(DATASET EXTRACT):
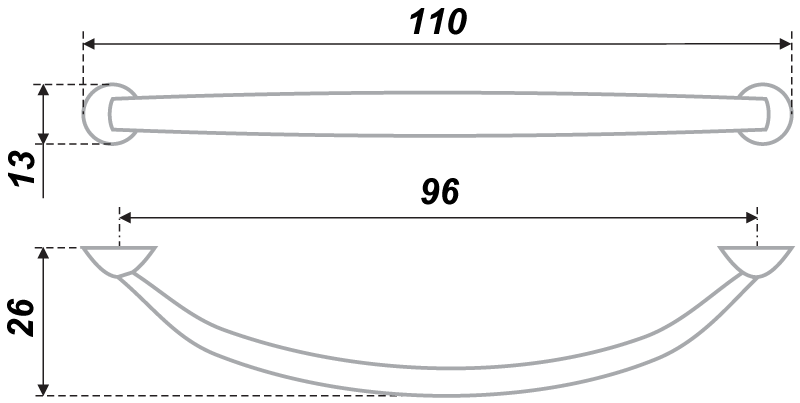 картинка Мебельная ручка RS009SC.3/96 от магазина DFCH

---

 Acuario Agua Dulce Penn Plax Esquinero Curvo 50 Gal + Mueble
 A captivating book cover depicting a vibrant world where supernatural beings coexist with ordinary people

(WHAT NEEDS TO BE DONE): The required output is the stretch of entries above from the line containing "Acuario Agua Dulce" through the line containing "A captivating book", reproduced exactly.

(TASK OUTPUT):
 Acuario Agua Dulce Penn Plax Esquinero Curvo 50 Gal + Mueble
 A captivating book cover depicting a vibrant world where supernatural beings coexist with ordinary people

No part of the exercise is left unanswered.